75 . The method according to claim 62 , wherein in said in vivo cleavage assay, said isolated yeast or mammalian cell comprises an expression cassette comprising (i) said desired DNA target and a polynucleotide comprising two direct repeats of an internal portion of a polynucleotide encoding an inactive positive selection marker, wherein the two repeats are separated by the desired DNA target, or (ii) said desired DNA target and a polynucleotide comprising two direct repeats of an internal portion of an inactive reporter gene, wherein the two repeats are separated by the desired DNA target.
76 . The method according to claim 74 , wherein in said in vivo cleavage assay, said isolated yeast or mammalian cell comprise an expression cassette comprising said desired DNA target and (i) a polynucleotide encoding an inactive positive selection marker due to the presence of a mutation or a deletion, or (ii) an inactive reporter gene due to the presence of a mutation or a deletion, wherein said desired DNA target is inserted in (i) or (ii) at the place of the deletion or in the vicinity of the mutation, and wherein the isolated yeast or mammalian cell further comprises a genetic construct comprising the segment of the polynucleotide encoding the positive selection marker which has been deleted or mutated, or the segment of the reporter gene which has been deleted or mutated, flanked at each side by the fragments of the polynucleotide encoding the positive selection marker or the reporter gene bordering the deletion/insertion.

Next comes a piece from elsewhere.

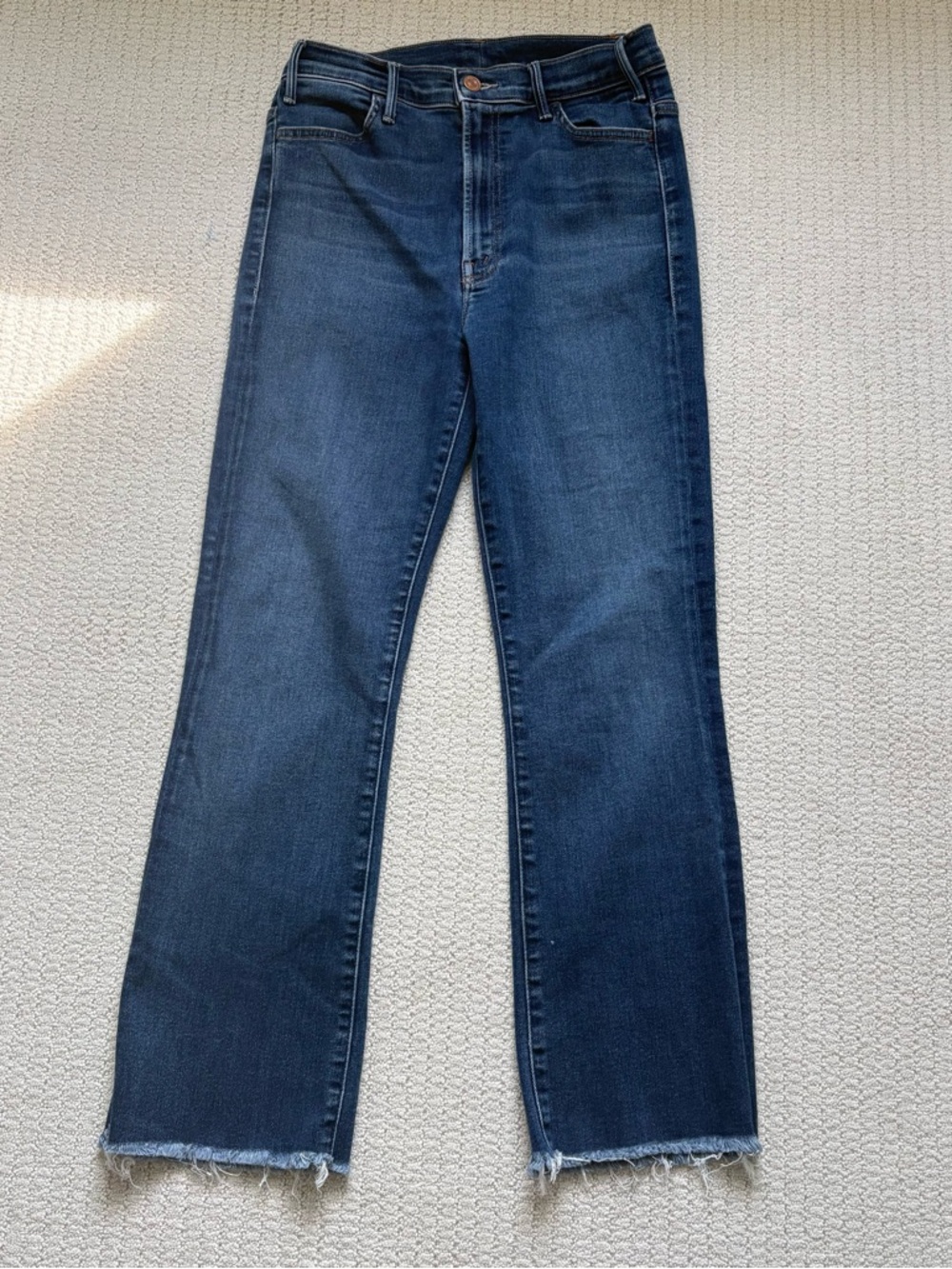MOTHER The Hustler Ankle Fray Jeans Size 29  Raw Hem Crop Denim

77 . The method according to claim 62 , wherein the double-strand break in the desired DNA target is repaired by homologous recombination between two direct repeats.
78 . The method according to claim 62 , wherein the double-strand break in the DNA target is repaired by gene conversion.

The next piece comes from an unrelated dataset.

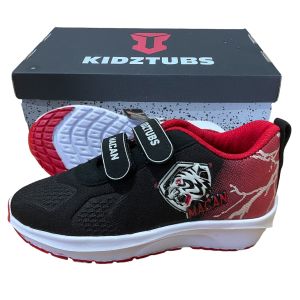 KIDZTUBS Sepatu Sekolah Anak Laki Laki Warna Hitam Biru Merah Murah Rekat Kecil Tanggung Umur 6-10 Tahun-Sepatu1810082424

79 . The method according to claim 74 , wherein the expression cassette is inserted in a plasmid which is maintained in an episomal form in said isolated yeast or mammalian cell.
80 . The method according to claim 74 , wherein the expression cassette is integrated in the chromosome of said isolated yeast or mammalian cell.
81 . The method according to claim 62 , wherein said positive selection marker is an antibiotic resistance or an auxotrophy marker.
82 . The method according to claim 74 , wherein said expression cassette comprises an additional selection marker.
83 . A method for producing LAGLIDADG meganuclease variants derived from an initial LAGLIDADG meganuclease, said meganuclease variants being able to cleave a desired DNA target which is different from the DNA target of the initial LAGLIDADG meganuclease, wherein said method comprises:
a) generating a combinatorial library of genes coding for LAGLIDADG meganuclease variants by introducing diversity into several codons of a gene encoding said initial LAGLIDADG meganuclease, wherein said codons code for amino acid residues of the four-stranded beta-sheet of one domain or one subunit of said initial meganuclease that interact directly or indirectly with different bases of the DNA target of said initial meganuclease; b) selecting meganuclease variants encoded by the genes of the combinatorial library that are able to bind said desired DNA target in vitro, under conditions excluding the presence of manganese or magnesium by incubating said meganuclease variants with said DNA target immobilized on a support and recovering only the subset of bound meganuclease variants; c) screening the subset of bound meganuclease variants obtained in b) by a binding assay consisting of incubation of said selected meganuclease variants with said desired DNA target immobilized on a support and recovering a subset of bound meganuclease variants; d) selecting among the meganuclease variants recovered in step c), the variants able to cleave said desired DNA target, by an in vivo cleavage assay, in an isolated yeast cell or an isolated mammalian cell, under conditions where the double-strand break in the desired DNA target which is generated by said variant leads to the activation of a positive selection marker, or the inactivation of a negative selection marker, by recombination-mediated repair of said DNA double-strand break, and recovering a subset of meganuclease variants able to cleave said desired DNA target; e) screening said subset of meganuclease variants obtained in d) by an in vivo cleavage assay in an isolated yeast cell or a mammalian cell, under conditions where the a double-strand break in the desired DNA target which is generated by said variant leads to the activation of a positive selection marker or a reporter gene, or the inactivation of a negative selection marker or a reporter gene, by recombination-mediated repair of said DNA double-strand break, and recovering a subset of meganuclease variants able to cleave said desired DNA target; f) isolating the genes encoding the meganuclease variants obtained in e) which are able to cleave said desired DNA target.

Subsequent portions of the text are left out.